**TASK PROMPT**
In the data below, find the line that contains "#Increase_Guj_Vet_Stipend" and the line that contains "#guj_vet_union". Copy both, plus every line between them, exactly.

**Dataset items**
════════════════════

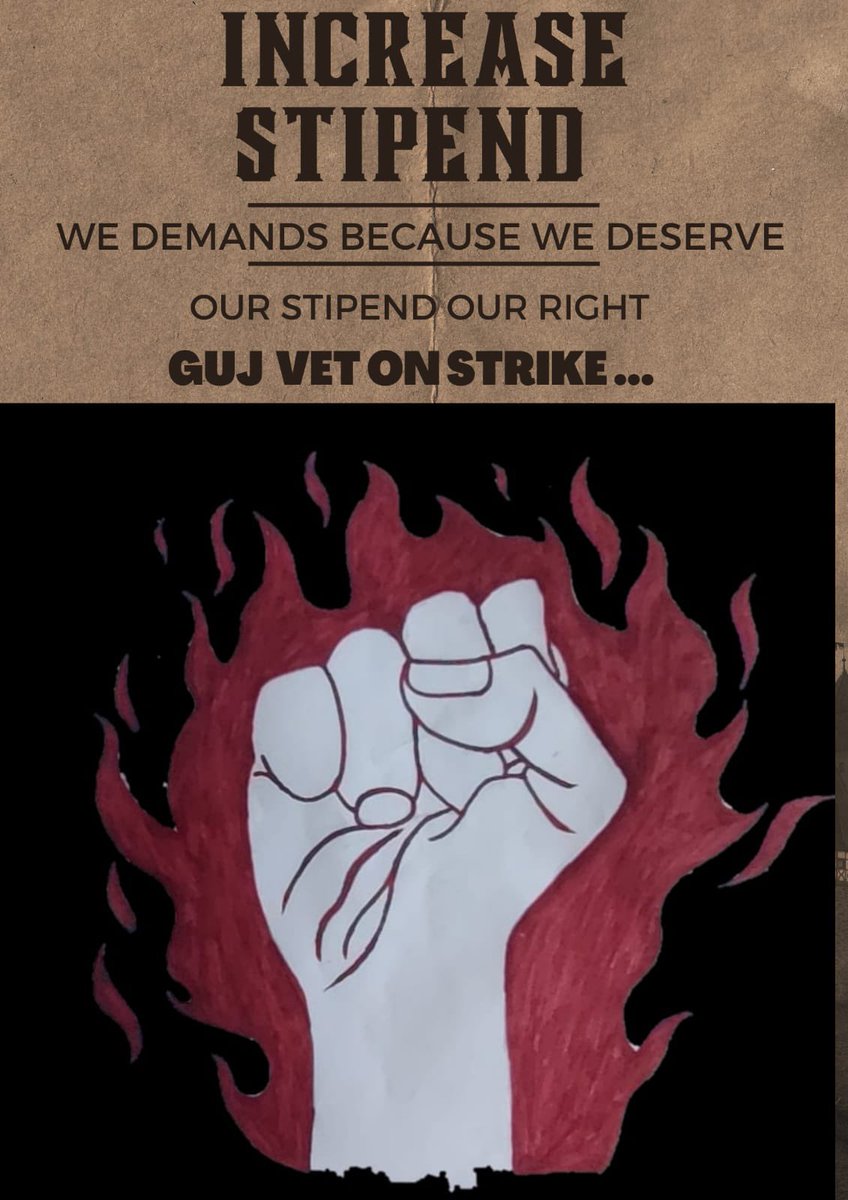 Dare to struggle
Dare to win
#Increase_Guj_Vet_Stipend 
#guj_veterinary_students_on_strike 
#guj_vet_union 
<a href="/CMOGuj/">CMO Gujarat</a> <a href="/RaghavjiPatel/">Raghavji Patel</a> <a href="/KanuDesai180/">Kanu Desai</a> <a href="/CRPaatil/">C R Paatil</a> <a href="/ndtv/">NDTV</a> <a href="/tv9gujarati/">Tv9 Gujarati</a> <a href="/VtvGujarati/">VTV Gujarati News and Beyond</a> 
<a href="/Bhupendrapbjp/">Bhupendra Patel</a> 
<a href="/CRPaatil/">C R Paatil</a> 
<a href="/sanghaviharsh/">Harsh Sanghavi</a>  <a href="/AmitShah/">Amit Shah</a> <a href="/PRupala/">Parshottam Rupala</a>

════════════════════

**ANSWER**
#Increase_Guj_Vet_Stipend 
#guj_veterinary_students_on_strike 
#guj_vet_union 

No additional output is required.